- DATA SUPPLIED:
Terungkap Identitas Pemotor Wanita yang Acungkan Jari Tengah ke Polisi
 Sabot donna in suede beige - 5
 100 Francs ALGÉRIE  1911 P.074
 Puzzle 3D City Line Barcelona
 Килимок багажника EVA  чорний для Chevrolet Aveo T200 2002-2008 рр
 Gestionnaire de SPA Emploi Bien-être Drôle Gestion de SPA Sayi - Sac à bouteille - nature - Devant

- WHAT IS BEING ASKED:
For this exercise, give every entry again exactly as it appears.

- RESULT:
Terungkap Identitas Pemotor Wanita yang Acungkan Jari Tengah ke Polisi
 Sabot donna in suede beige - 5
 100 Francs ALGÉRIE  1911 P.074
 Puzzle 3D City Line Barcelona
 Килимок багажника EVA  чорний для Chevrolet Aveo T200 2002-2008 рр
 Gestionnaire de SPA Emploi Bien-être Drôle Gestion de SPA Sayi - Sac à bouteille - nature - Devant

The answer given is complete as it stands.